◆ INSTRUCTIONS FOR THE TASK
Lines from the start of the data through the line containing "Vagusicc C Shaped" must be given again exactly. Leave the others out.

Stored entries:

☆ ☆ ☆ ☆ ☆

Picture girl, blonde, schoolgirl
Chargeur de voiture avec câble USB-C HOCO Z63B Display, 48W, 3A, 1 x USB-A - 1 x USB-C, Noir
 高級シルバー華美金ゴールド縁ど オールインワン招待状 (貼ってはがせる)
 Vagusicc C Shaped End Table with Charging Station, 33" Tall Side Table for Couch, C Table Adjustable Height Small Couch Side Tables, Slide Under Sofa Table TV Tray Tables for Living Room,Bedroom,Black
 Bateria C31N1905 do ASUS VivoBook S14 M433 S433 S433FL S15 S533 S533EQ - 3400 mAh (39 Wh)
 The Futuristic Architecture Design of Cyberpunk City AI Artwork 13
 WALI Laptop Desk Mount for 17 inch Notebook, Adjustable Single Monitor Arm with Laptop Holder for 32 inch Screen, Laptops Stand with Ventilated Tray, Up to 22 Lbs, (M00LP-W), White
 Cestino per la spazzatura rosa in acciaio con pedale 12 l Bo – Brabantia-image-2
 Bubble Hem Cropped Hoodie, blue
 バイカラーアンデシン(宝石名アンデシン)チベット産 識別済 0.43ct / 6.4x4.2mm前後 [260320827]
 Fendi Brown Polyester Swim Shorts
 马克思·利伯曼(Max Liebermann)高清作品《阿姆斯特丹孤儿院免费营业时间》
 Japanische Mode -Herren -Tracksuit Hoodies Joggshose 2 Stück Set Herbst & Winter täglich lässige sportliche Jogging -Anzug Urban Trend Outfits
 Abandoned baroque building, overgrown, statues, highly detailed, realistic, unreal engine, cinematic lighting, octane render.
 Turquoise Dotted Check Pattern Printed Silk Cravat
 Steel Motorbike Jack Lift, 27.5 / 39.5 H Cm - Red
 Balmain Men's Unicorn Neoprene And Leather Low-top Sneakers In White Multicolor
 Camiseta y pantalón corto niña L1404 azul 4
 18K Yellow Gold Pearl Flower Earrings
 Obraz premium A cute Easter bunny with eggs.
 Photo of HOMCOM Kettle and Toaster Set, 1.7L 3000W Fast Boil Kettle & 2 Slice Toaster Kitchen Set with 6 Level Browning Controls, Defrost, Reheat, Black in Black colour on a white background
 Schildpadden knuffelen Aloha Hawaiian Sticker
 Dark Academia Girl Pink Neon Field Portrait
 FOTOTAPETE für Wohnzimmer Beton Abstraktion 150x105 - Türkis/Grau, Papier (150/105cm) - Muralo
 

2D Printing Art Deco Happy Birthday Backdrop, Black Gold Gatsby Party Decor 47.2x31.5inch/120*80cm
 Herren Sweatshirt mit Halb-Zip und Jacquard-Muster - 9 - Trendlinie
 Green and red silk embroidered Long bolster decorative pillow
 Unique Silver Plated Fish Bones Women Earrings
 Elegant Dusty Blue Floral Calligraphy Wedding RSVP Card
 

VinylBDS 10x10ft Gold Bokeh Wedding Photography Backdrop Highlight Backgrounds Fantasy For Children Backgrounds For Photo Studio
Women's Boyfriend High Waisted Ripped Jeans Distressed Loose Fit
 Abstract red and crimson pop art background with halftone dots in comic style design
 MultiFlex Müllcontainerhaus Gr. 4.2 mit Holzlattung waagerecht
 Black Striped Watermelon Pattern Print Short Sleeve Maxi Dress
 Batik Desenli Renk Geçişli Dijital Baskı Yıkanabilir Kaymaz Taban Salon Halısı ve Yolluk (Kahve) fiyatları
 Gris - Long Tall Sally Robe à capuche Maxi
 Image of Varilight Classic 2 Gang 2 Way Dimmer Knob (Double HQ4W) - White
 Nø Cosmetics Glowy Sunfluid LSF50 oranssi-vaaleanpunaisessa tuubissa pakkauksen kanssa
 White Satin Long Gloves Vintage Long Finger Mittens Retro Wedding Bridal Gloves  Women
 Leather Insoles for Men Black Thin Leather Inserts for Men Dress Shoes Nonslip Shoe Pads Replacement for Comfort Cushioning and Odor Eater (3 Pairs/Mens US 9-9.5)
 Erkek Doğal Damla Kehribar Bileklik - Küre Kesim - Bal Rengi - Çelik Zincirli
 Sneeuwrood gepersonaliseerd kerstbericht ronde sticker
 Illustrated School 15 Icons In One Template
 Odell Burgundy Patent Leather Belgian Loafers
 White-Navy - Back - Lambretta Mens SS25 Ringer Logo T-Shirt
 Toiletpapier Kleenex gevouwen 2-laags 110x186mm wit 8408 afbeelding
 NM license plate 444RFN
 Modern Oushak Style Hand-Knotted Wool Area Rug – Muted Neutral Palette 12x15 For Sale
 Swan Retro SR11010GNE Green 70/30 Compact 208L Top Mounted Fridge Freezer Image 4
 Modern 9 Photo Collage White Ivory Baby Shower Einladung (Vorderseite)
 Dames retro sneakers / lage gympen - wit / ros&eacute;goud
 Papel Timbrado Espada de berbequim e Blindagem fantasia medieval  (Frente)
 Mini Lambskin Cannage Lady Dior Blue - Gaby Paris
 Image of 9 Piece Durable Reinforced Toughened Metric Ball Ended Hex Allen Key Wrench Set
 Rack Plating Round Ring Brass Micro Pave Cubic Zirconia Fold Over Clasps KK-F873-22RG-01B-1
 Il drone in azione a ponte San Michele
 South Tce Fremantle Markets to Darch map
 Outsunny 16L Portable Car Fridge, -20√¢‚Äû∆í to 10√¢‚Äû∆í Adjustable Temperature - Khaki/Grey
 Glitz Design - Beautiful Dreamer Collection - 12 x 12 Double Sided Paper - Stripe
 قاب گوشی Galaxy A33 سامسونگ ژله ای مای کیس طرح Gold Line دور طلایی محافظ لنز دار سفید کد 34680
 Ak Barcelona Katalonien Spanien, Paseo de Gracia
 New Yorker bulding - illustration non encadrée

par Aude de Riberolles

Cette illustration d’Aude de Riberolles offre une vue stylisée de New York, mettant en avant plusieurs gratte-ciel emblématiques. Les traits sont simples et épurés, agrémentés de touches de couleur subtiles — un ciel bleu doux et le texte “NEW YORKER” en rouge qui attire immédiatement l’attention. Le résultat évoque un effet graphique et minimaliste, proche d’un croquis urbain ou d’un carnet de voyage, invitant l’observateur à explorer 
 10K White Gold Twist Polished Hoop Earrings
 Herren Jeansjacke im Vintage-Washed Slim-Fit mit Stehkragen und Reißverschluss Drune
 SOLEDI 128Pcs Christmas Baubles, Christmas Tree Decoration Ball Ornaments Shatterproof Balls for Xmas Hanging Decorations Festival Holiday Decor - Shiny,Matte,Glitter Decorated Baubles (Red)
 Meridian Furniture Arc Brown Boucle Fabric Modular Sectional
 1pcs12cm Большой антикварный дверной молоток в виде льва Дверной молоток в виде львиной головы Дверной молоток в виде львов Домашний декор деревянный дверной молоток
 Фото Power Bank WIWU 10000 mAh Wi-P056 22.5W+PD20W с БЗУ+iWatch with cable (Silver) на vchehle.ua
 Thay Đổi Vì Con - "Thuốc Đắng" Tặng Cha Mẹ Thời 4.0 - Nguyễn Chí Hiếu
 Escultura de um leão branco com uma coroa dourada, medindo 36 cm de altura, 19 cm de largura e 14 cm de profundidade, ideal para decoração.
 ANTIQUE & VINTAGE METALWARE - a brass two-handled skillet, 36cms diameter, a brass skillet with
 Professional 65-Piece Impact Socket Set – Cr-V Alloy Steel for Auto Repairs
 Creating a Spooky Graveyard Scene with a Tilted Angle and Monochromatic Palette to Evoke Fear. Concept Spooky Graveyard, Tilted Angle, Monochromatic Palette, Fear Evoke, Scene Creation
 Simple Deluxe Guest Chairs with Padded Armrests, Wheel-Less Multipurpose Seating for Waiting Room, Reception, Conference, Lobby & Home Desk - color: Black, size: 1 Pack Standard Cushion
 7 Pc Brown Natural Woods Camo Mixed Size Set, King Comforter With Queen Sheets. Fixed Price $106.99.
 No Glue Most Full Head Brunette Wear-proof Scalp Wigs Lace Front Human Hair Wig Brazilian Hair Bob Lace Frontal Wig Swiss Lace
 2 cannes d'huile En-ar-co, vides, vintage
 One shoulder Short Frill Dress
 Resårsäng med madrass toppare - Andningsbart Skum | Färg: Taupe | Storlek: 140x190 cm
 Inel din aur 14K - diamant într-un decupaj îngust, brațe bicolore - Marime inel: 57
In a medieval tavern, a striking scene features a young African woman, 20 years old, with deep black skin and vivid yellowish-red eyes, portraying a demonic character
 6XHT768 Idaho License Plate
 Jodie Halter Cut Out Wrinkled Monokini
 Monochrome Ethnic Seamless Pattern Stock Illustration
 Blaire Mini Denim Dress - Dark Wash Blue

☆ ☆ ☆ ☆ ☆

◆ SOLUTION FOR THIS TASK
Picture girl, blonde, schoolgirl
Chargeur de voiture avec câble USB-C HOCO Z63B Display, 48W, 3A, 1 x USB-A - 1 x USB-C, Noir
 高級シルバー華美金ゴールド縁ど オールインワン招待状 (貼ってはがせる)
 Vagusicc C Shaped End Table with Charging Station, 33" Tall Side Table for Couch, C Table Adjustable Height Small Couch Side Tables, Slide Under Sofa Table TV Tray Tables for Living Room,Bedroom,Black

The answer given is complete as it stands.